Despite a flurry of warnings about possible violence over the holidays, residents in this capital of Central Sulawesi Province, thought the bomb blast that ripped through a nearby pork-selling market on New Year's Eve was an earthquake.
They were convinced, like so many others in the region, that the communal tensions that erupted into deadly clashes between Muslims and Christians five years ago were a thing of the past. Even after finding out it was a bomb, they condemned it as simply the work of a small group of "terrorists."
"Christian and Muslim people used to be very easily provoked," says a local Christian, Leo Parengkuan, as he sits drinking coffee on his porch with a Muslim friend. "Now they're not, because the people know that the violence is not because of religion, but because of politics, economics, and other things."
This refusal to be provoked by a recent string of sensational attacks - including the beheading of three girls walking to a Christian school in October and an ineffectual bomb blast near a church Monday - marks strong popular support for a 2001 peace accord designed to end several years of large-scale Christian-Muslim clashes.

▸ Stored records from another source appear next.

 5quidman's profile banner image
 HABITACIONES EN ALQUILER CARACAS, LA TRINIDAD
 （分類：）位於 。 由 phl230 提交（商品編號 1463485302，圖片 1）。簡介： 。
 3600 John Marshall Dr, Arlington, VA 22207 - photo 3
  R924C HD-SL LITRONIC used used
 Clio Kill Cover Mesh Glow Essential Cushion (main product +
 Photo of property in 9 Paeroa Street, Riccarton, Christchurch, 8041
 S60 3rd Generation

A deeper understanding of the unrest has sprung out of a general conflict fatigue, with more people seeing past the seeming religious nature of the ongoing attacks. Observers credit the careful work by community and religious leaders, nongovernmental organizations, and even the once-fiery local media with promoting that understanding.

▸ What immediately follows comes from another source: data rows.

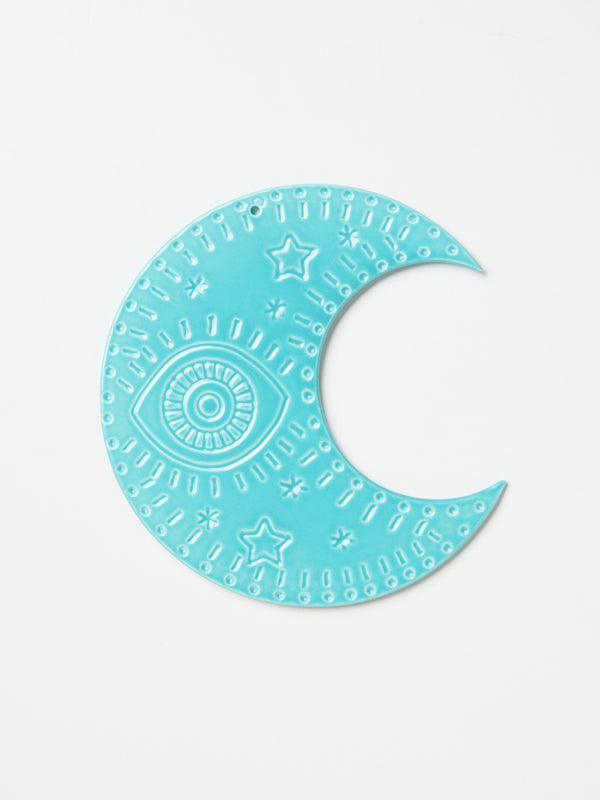 TALISMAN AQUA MOON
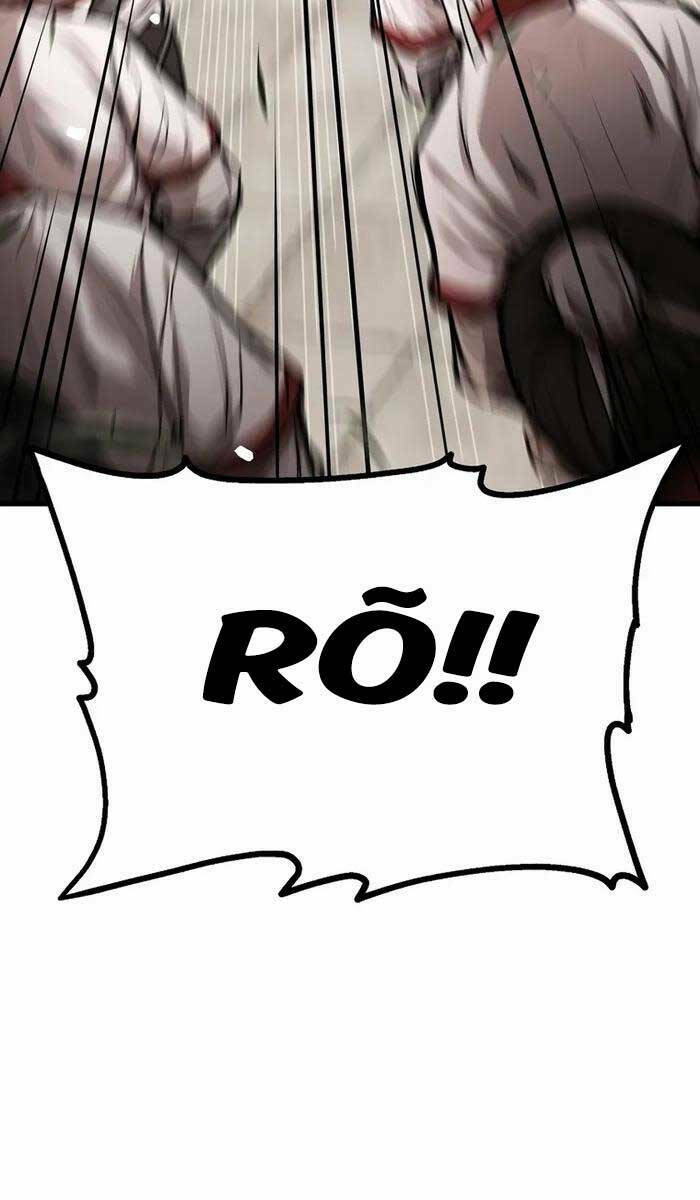 Đông Phương Bất Bại: Chapter 3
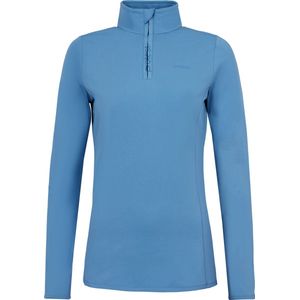 Protest Refabriz Dames Top Met 1/4 Ritssluiting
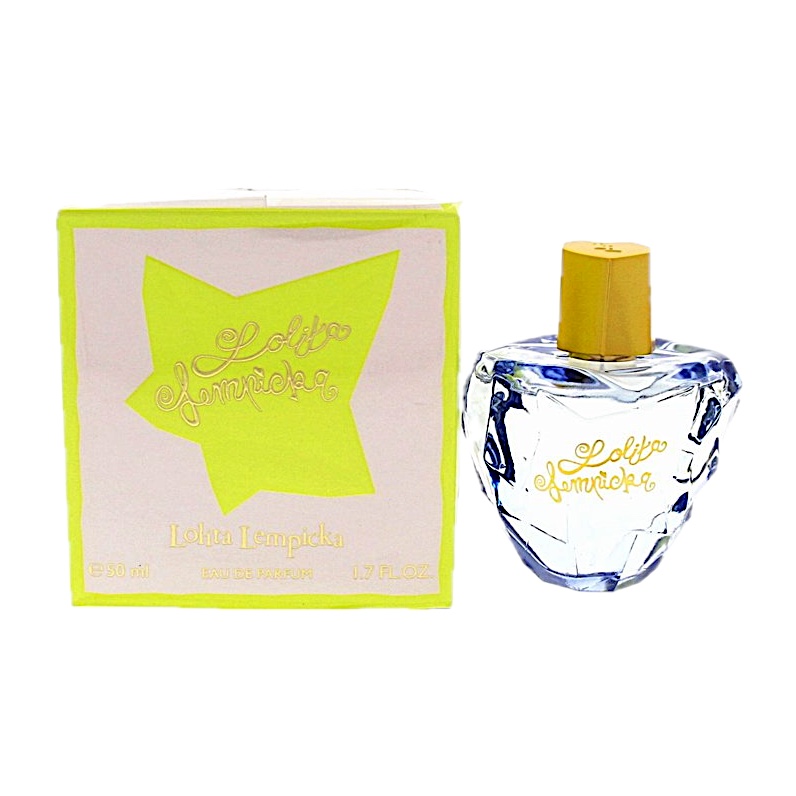 Lolita Lempika Lempicka Mon Premier EDP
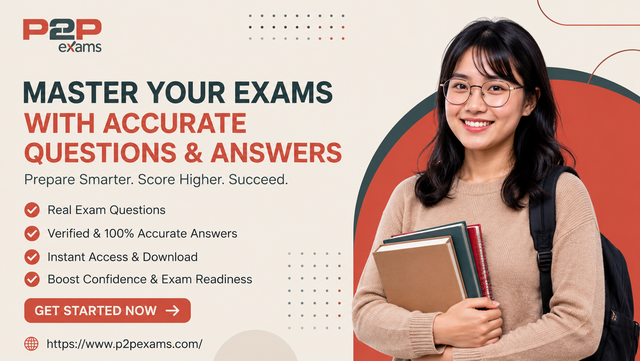 P2-Pexams3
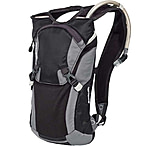 Image of Hydrapak Soquel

Top religious leaders from both sides held public meetings to talk about the need to end the conflict, and quickly and jointly condemned further violence. NGO workers went to villages teaching people to look more critically at the conflict, and trained local youth "peace agents" to do the same. Comic books were developed for children in nearby Poso with stories involving Muslim and Christian characters resolving problems through tolerance.
"Muslims and Christians would really open their minds when they saw this," says Iskandar Lamuka, director of the Institute for Empowering Civil Society (LPMS) in Poso.

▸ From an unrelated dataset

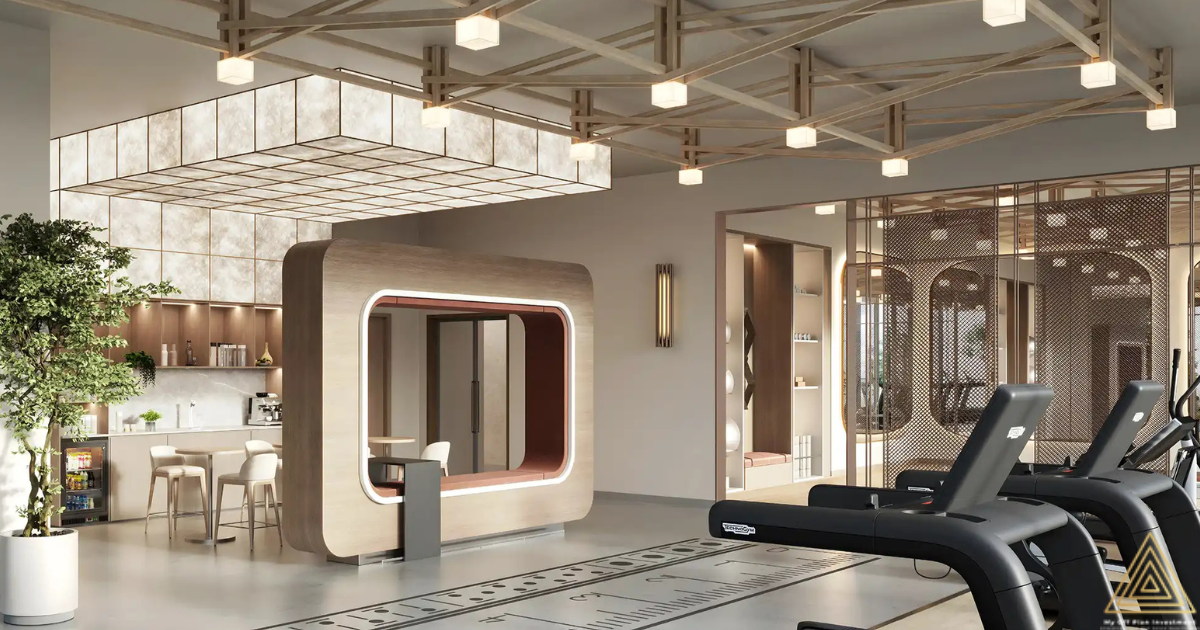 Ellington-Eaton-Square-at-Meydan-by-Ellington-5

Tasrief Siara, a journalist for independent Nebula radio in Palu, worked with other reporters and photographers to cover these peace-building efforts and promoted "peace journalism" in the area after seeing the way the local coverage of the conflict stoked tensions.
"We began reporting not only on how many victims there were, how bad the mutilation was, ... but the impact of the violence on the people," Siara says, "how many children were losing their fathers and mothers, and how many widows were losing their husbands - the mental impact, not just the physical."
The impact of such efforts is being felt even in the district of Poso - the heart of the conflict in Sulawesi that left more than 1,000 dead - where burned and destroyed houses and religious buildings are easier to find than sectarian anger.
"I was very sad to see my house burned down and was angry at the time, but now - no," says Hauglim Peuggele, a Poso resident who stood in front of a burned down church. "I've come back to this place to buy a house and reconcile with Muslim people in Poso."
But while the combined efforts seem to have born fruit in stemming a communal backlash along religious lines, continuing incidents of "mysterious" attacks show the difficulty of stamping out such violence completely.
Most of the attacks since the accord have appeared to target Christians, and security forces and terror experts have pointed to outside Islamic militant groups that came to the island during the height of the conflict.
The International Crisis Group has warned that outside jihadist groups continue to exploit the conflict in Poso and stressed the need to reintegrate "leftover mujahideen."
"When outsiders look to enter a place like Poso, it's leftover mujahideen who provide them with a way into the area and local contacts to recruit new people," says David McRae, an ICG analyst.
For many of these ex-combatants, fighting in the name of Islam remains one of the most meaningful experiences of their lives, and may prompt them to continue even without a formal organization.
"It's difficult to forget the time I was a combatant," says Abang Syamsuri, a former mujahideen who fought during both the conflicts in Sulawesi and Maluku. "I stopped fighting in 2001, but had a discussion with myself until 2005. I would think, 'Should I be a combatant or live a normal life in Poso?' "
Rights groups have long accused security forces of involvement in continuing conflicts for economic or political reasons. The failure to bring to justice those behind the violence in Poso has only fueled local suspicions of involvement by officials, military, or local businessmen.
The government responded last week to mounting calls for an independent fact-finding team by pledging to send over 1,000 more police officers to Central Sulawesi to work with over 5,000 security personnel already in the area.
"In Poso, the government doesn't need to send more troops, police, or intelligence," says Rev. Rinaldy Damanik, chairman of the Synod of Churches of Central Sulawesi. "They need to give more space to the people to make independent fact collection."
NGO workers say the lack of answers behind the recent and past attacks has prevented resolving land disputes that would allow displaced people to return home and heal.
"We lived next to the Christian people for so long and we were all friends, so I really believed that they would not attack," says Siara, a Muslim woman who fled her village in rural Poso and has never returned. "I'm not angry at all Christians, but I am still angry at the people who burned my house and killed my husband. I don't know why they did it."